What needs to be done:
Nothing but the lines from the one containing "Cây Ánh Dương" through the last line of the records belongs in the answer, copied exactly and with the pictures left out.

Extracted information:
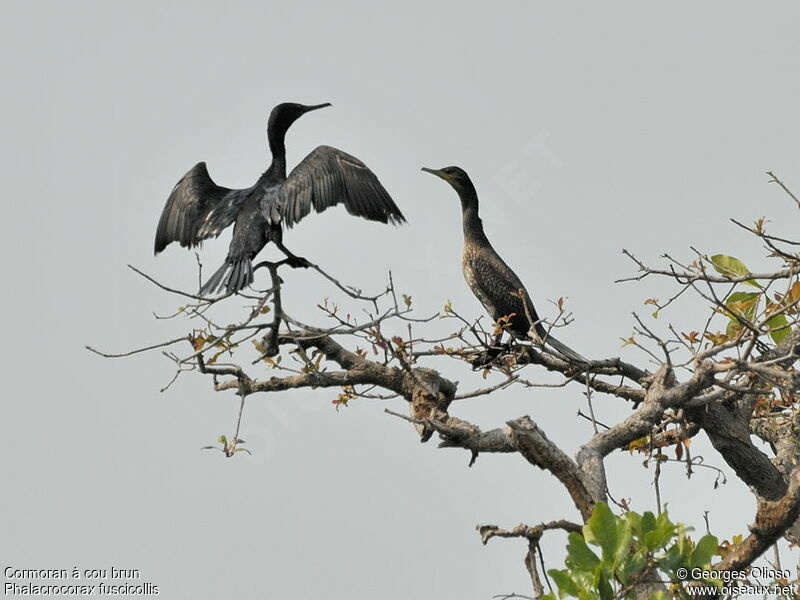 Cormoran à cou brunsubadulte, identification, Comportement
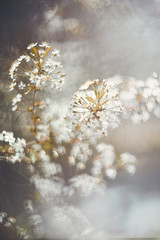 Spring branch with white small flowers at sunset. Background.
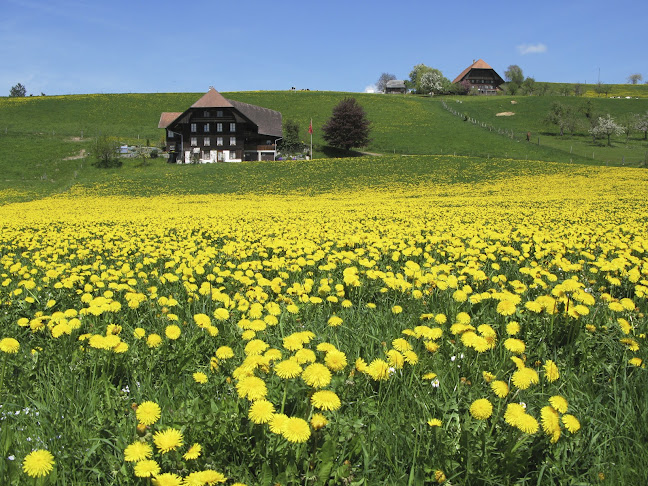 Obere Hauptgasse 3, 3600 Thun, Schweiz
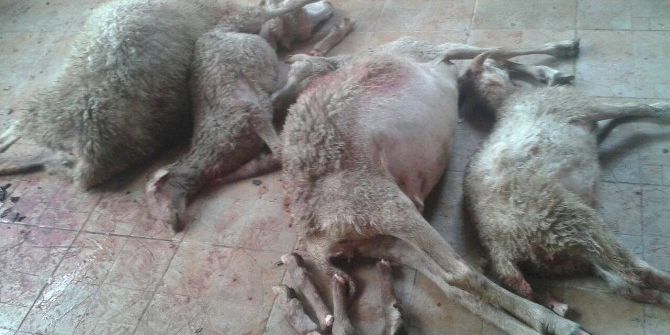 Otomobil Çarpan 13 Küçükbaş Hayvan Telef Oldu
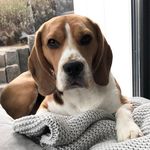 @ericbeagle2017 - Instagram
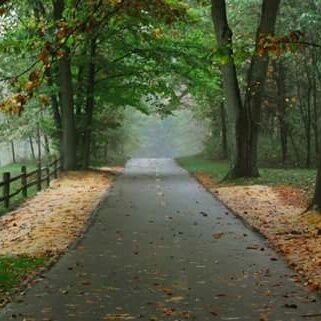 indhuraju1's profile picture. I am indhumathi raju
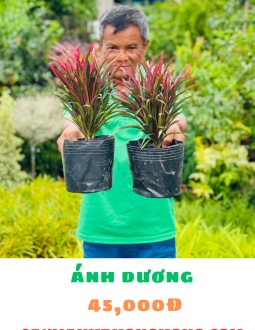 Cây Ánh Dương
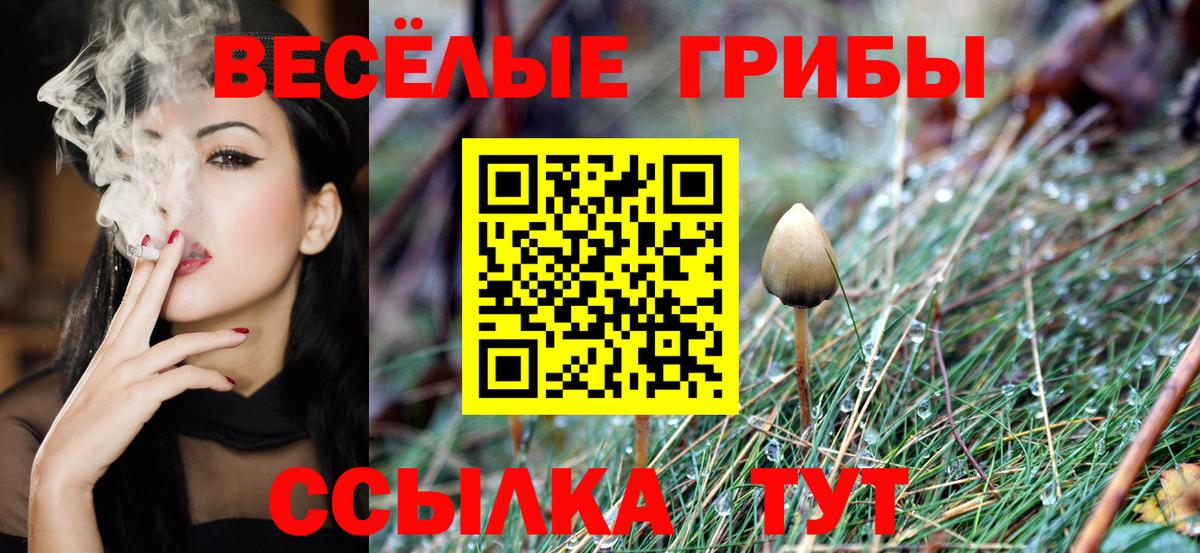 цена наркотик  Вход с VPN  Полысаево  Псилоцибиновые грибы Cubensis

Your solution:
 Cây Ánh Dương
 цена наркотик  Вход с VPN  Полысаево  Псилоцибиновые грибы Cubensis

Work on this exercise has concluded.